The movie does start out brilliant – a Day of the Dead sequence in Mexico, including a brilliant tracking shot that first follows one character, before switching to Bond and then follows him until he comes back into contact with the original character. It is a brilliantly staged sequence – the best in the movie by far – and ends with a bang – and gives Bond a clue – a ring with an octopus on it, which will lead him on the chase for the rest of the film.
The movie strains for modern relevance in other sequences – where the new M (Ralph Fiennes) has to try and protect the OO program from C (Andrew Scott), who feels the whole thing in antiquated, and instead wants to rely on constant surveillance of everyone, and drone warfare – as well as a partnership with other world powers to share Intelligence. The ins and outs of this plot give Fiennes something to do, and does eventually reconnect with what Bond is doing, but is also the reason why this movie runs two and a half hours – and unlike Skyfall, which was the same length, this film feels that long.
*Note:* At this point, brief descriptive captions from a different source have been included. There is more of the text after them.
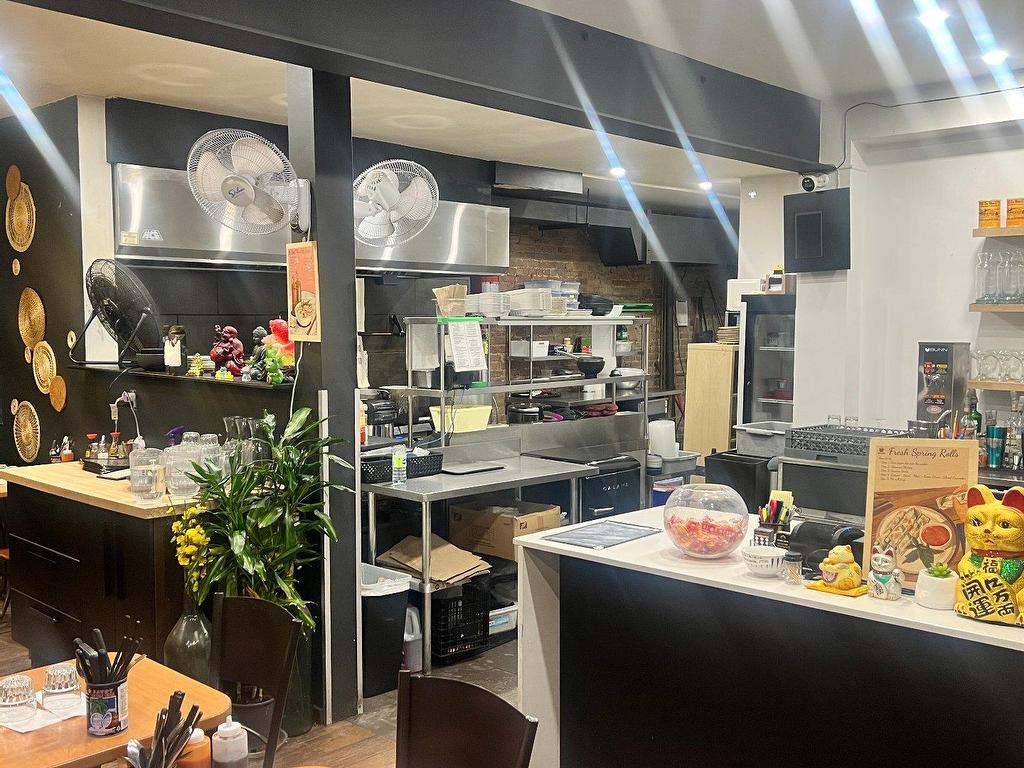









3637


Rue Ste-Catherine E.

,
Montréal (Mercier/Hochelaga-Maisonneuve),




QC
H1W2E6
The much touted appearance of Monica Bellucci as the “oldest Bond girl” ever is much ado about nothing – she’s barely in the film, and although she looks amazing (of course she does, she’s Monica Bellucci) she barely even qualifies as a Bond girl. That honor falls to talented (and much younger) Lea Seydoux, who should be a good match for Craig’s Bond, and but she is little more than a damsel in distress, especially in the last act. Christophe Waltz fulfills his destiny to play a Bond villain – but unfortunately, the movie undercuts his character at every turn – so much so that the two-time Oscar winner is never really able to become a character. Ben Whishaw is once again a pure joy as Q – I especially loved the moment he laughs at his own joke – but after Skyfall made brilliant use of Naomie Harris as Moneypenny, it is extremely disappointing to see how little she is given to do this time around.
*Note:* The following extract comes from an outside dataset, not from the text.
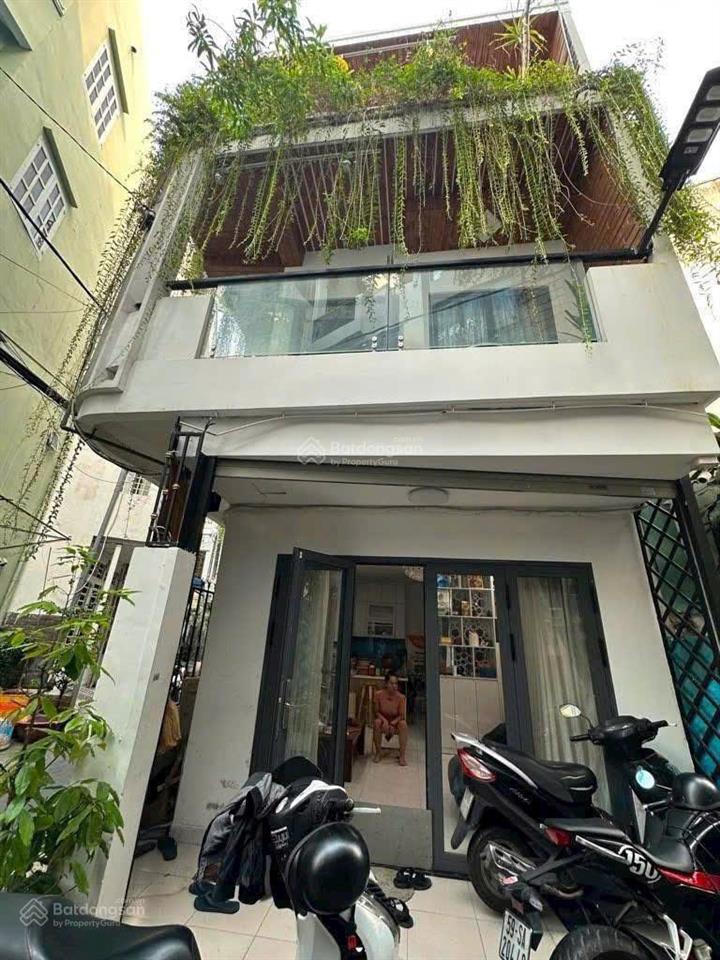 Bán nhà hẻm 3.5m hòa hảo p5 quận 10 4.4m x 9m (45m2) 3 tầng đúc sân thượng giá 8.5 tỷ tl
For the most part the action sequences are well handled – even if I couldn’t help but wonder if the production somehow got a great deal on helicopters as they seem to factor in every one of them. If the cinematography by Hoyte Van Hoytema doesn’t come close to matching that by Deakins that’s more because of how good Deakins work was, not that the work here is bad.
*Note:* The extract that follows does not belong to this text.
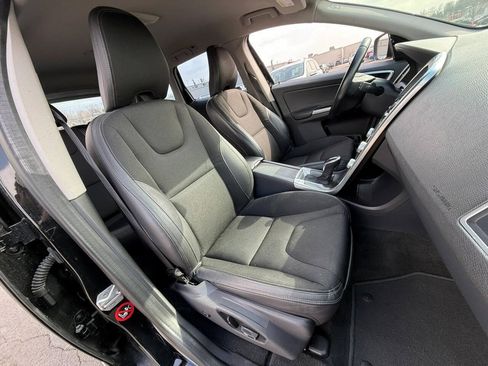 Used 2016 Volvo XC60 T5 w/ Proximity Package FWD image 16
The further away I get from Spectre, the less I like it, the more problems I have with it. While I was watching the film, I enjoyed it – it moves quickly enough that it allows you to turn off your brain and have fun with the movie. If that’s all you want, than sure, Spectre gets the job done. But given the standard this series has set in recent years, Spectre cannot help but be a pretty major disappointment.